I forgot who said this, but I think I saw it on a TV show or something and someone said it's better to believe in God than to not believe.

If you believe in God and there is none, oh well... but if you don't believe in God, and there is one, oh hell.

Didn't mean to thank, but quote.

You are referring to Pascal's wager. It in itself does not prove God or it's existence, but the stacks it against the probability of finding heaven or hell against a finite loss (giving up certain things for eternity in heaven of hell shall God exist). This argument is based on thinking that there is only 1 God of a certain religion and that you picked the correct God to believe in. The flaw is that the concept of heaven or hell is based on religions and not associated with the thinking of God.
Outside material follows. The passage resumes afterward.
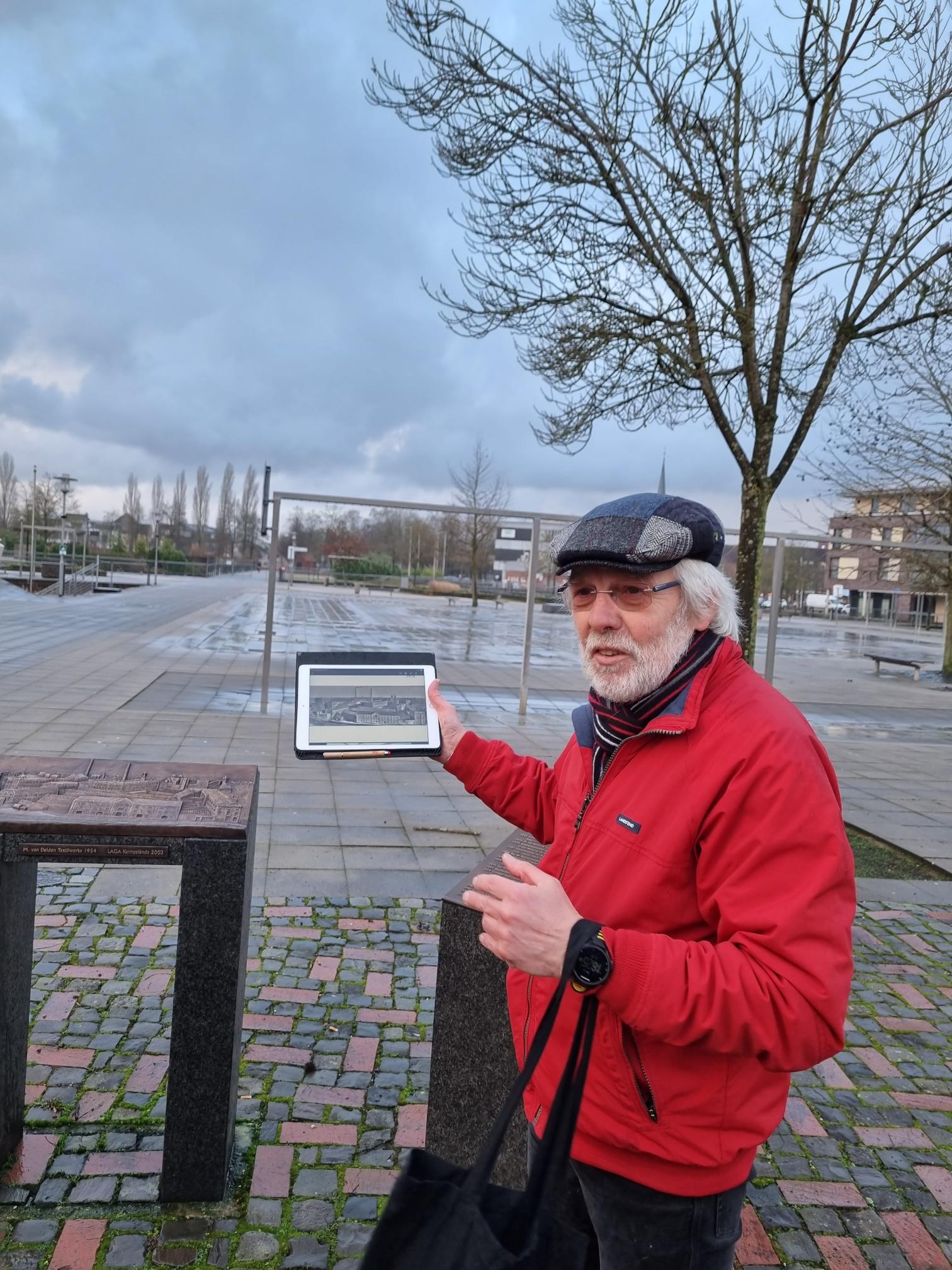 Günter Poggemann hält ein Tablet in der Hand und erzählt etwas dazu.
If merely going to heaven is a motive you have to "choose" the right God to believe in. What if you believe in the Christian God and only a Muslim God exists or one of the Norse Gods (Odin or Thor) or pick any other religion? Just because one wants to go to a supposed heaven believing in a God is not the best thing to do. In fact, scriptures for most religions forbid believing in any God but theirs and banishes the others or non-believers of their God to hell.

 

If you make the decision that there is a god, then it is up to you decide which one is "right".

But then it would defeat the purpose if you pick the wrong one, i.e. end up in hell.

Your purpose shouldn't be to hedge your bets.  If you believe there is a god and you want a relationship of some sort with him/her, you should focus on that.   My personal inclination and belief that Christianity is unique in both philosophy and experience.